Why learning to survey is an unforgettable experience for University of Toronto engineers
As summer slips into fall before their third year of study, civil and mineral engineering students spend two weeks in the heart of cottage country to learn the art of land surveying. Survey Camp, a 175-acre property on the northern shore of Gull Lake in Haliburton, Ont., has been a fixture in field work education since 1919, when the University of Toronto purchased the land. “The country is broken and rolling and admirably suited for the various problems that arise in practical surveying,” states the 1930s camp manual.
Surveying is a core skill for these students, but “the main thing I learned at camp has more to do with life than with engineering: I learned that everybody has something valuable to offer,” says Marcia Lamont Scott (BASc 1947). “Survey Camp taught us a lot technically, but it also taught us so much about working together.”

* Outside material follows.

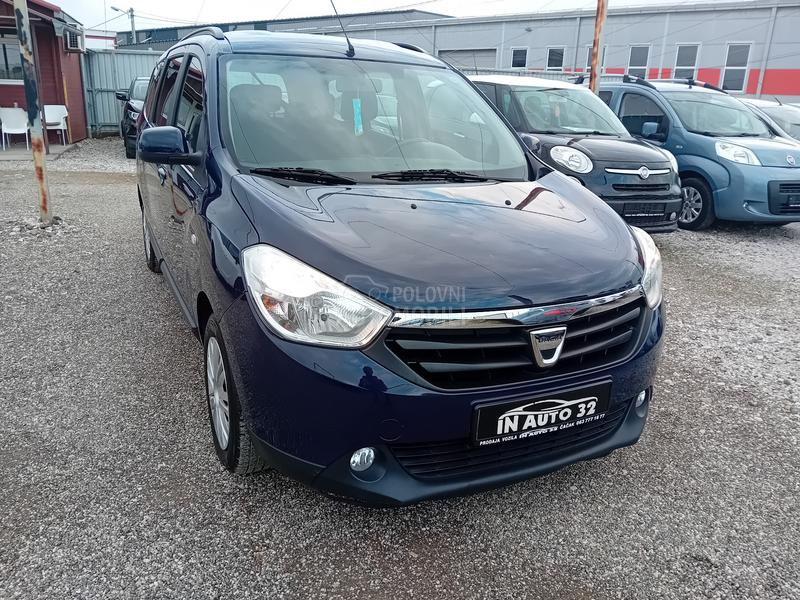 Dacia Lodgy 1.5 dci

“When you spend concentrated time sleeping, eating, learning and romancing with a group,” adds Gordon McRostie (BASc 1944), “you develop a camaraderie that is uncommon among classes.”
While the fundamentals of surveying haven’t changed since the camp opened in 1920, the students have. Lamont Scott was the first woman civil engineering grad in Ontario; in 2014, engineering boasted 31 per cent female enrolment in the incoming class. Between now and 2020, Survey Camp aims to raise $1 million to upgrade its 95-year-old buildings and add new women’s facilities.

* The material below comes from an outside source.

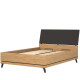 ATE AT15/140SP posteľ 140x200 cm s úložným priestorom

Ekaterina Tzekova (BASc 2009, PhD 2015) got to know her fiancé, Stephen Perkins (BASc 2009), at Survey Camp; he proposed at the fire pit where their relationship kindled. While studying for her PhD, Tzekova returned to Gull Lake yearly as a teaching assistant to watch a new crop of campers make memories. “You wonder about the experiences of the students who came before you,” she says. “It’s neat how people of different generations have this place in common.”